### WHAT YOU SHOULD DO
From the data below, repeat exactly the lines from the line with "Adidas Blue Originals" to the line with "Etiquetas fluo - 26x16", both included.

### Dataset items
=== Begin Enclosure ===
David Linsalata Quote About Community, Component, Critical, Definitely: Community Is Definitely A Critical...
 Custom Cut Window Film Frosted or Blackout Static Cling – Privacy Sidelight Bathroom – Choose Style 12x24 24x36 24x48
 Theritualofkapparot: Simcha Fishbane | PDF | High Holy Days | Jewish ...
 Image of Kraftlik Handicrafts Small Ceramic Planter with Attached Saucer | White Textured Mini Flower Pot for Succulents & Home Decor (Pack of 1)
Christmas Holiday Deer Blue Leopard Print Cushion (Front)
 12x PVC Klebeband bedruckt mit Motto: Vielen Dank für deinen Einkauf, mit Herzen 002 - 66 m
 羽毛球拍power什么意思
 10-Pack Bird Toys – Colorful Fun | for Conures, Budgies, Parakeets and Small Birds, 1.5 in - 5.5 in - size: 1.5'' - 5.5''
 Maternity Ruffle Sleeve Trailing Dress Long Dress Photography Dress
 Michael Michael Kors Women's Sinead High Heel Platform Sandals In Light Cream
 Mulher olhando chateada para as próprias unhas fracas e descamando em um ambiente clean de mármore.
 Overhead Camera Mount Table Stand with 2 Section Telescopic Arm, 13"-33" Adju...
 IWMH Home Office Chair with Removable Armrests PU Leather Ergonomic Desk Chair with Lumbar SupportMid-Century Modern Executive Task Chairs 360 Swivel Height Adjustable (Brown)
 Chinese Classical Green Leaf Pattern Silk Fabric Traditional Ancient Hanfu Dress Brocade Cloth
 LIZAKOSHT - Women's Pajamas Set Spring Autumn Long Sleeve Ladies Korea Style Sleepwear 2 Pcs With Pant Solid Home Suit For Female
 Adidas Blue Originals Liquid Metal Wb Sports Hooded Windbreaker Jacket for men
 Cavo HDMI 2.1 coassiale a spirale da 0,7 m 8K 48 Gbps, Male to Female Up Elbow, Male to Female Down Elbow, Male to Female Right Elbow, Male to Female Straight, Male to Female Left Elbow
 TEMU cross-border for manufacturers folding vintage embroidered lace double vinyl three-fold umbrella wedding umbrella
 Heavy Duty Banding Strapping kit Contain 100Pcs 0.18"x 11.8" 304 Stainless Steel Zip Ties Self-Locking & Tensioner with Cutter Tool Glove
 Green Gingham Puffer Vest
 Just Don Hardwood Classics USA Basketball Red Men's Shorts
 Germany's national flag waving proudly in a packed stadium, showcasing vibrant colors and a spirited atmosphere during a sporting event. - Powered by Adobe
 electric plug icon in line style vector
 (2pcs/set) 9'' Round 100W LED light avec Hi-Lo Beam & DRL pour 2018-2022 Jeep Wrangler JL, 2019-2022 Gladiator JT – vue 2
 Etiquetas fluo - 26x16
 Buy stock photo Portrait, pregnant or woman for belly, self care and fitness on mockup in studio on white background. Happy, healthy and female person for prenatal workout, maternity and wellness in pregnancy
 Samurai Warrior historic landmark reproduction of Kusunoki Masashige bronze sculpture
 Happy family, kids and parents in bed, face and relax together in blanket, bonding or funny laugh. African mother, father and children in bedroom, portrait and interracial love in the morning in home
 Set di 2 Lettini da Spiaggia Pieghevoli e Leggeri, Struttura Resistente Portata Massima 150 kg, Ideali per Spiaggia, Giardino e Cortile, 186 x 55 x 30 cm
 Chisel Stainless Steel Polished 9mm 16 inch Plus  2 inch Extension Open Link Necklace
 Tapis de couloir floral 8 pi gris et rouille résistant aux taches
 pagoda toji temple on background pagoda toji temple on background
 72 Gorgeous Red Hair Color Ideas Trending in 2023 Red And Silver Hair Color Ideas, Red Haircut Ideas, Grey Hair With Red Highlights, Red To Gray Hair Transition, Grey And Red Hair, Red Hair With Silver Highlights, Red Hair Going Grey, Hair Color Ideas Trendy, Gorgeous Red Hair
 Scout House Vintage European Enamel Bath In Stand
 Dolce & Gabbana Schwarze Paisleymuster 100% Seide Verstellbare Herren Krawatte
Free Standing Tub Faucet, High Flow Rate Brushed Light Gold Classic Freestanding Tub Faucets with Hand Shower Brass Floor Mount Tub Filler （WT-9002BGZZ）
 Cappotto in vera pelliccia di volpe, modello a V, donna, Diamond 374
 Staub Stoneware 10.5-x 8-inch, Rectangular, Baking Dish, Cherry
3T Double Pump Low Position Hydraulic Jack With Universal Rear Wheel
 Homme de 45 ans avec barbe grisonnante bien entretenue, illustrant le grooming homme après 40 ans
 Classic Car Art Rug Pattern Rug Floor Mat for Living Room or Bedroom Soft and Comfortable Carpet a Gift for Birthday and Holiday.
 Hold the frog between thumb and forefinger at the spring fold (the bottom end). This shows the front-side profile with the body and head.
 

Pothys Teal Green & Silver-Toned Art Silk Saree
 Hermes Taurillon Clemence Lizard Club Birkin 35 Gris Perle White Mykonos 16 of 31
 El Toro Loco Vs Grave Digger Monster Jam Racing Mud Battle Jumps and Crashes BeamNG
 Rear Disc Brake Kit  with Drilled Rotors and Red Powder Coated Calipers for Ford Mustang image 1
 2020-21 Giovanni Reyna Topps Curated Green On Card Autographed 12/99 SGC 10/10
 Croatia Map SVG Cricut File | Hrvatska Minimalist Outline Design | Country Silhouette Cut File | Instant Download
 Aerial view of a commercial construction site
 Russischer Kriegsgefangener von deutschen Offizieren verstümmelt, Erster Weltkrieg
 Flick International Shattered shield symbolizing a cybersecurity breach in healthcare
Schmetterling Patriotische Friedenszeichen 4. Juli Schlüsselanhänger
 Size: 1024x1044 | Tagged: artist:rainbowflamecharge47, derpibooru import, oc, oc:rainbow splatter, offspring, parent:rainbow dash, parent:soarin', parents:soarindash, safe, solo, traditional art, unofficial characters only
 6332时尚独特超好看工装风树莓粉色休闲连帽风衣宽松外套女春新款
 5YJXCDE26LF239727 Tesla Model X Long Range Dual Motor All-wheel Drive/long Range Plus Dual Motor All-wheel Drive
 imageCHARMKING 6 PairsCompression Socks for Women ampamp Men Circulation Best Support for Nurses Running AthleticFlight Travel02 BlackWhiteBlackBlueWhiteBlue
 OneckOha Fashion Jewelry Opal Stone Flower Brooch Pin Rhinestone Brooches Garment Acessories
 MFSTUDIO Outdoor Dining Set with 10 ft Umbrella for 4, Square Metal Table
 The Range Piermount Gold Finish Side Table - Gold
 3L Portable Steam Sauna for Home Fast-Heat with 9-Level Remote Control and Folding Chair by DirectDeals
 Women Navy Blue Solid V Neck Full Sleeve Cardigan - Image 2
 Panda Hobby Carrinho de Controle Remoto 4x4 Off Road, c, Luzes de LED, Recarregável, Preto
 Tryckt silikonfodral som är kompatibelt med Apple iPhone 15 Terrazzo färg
=== End Enclosure ===
### TASK RESPONSE
 Adidas Blue Originals Liquid Metal Wb Sports Hooded Windbreaker Jacket for men
 Cavo HDMI 2.1 coassiale a spirale da 0,7 m 8K 48 Gbps, Male to Female Up Elbow, Male to Female Down Elbow, Male to Female Right Elbow, Male to Female Straight, Male to Female Left Elbow
 TEMU cross-border for manufacturers folding vintage embroidered lace double vinyl three-fold umbrella wedding umbrella
 Heavy Duty Banding Strapping kit Contain 100Pcs 0.18"x 11.8" 304 Stainless Steel Zip Ties Self-Locking & Tensioner with Cutter Tool Glove
 Green Gingham Puffer Vest
 Just Don Hardwood Classics USA Basketball Red Men's Shorts
 Germany's national flag waving proudly in a packed stadium, showcasing vibrant colors and a spirited atmosphere during a sporting event. - Powered by Adobe
 electric plug icon in line style vector
 (2pcs/set) 9'' Round 100W LED light avec Hi-Lo Beam & DRL pour 2018-2022 Jeep Wrangler JL, 2019-2022 Gladiator JT – vue 2
 Etiquetas fluo - 26x16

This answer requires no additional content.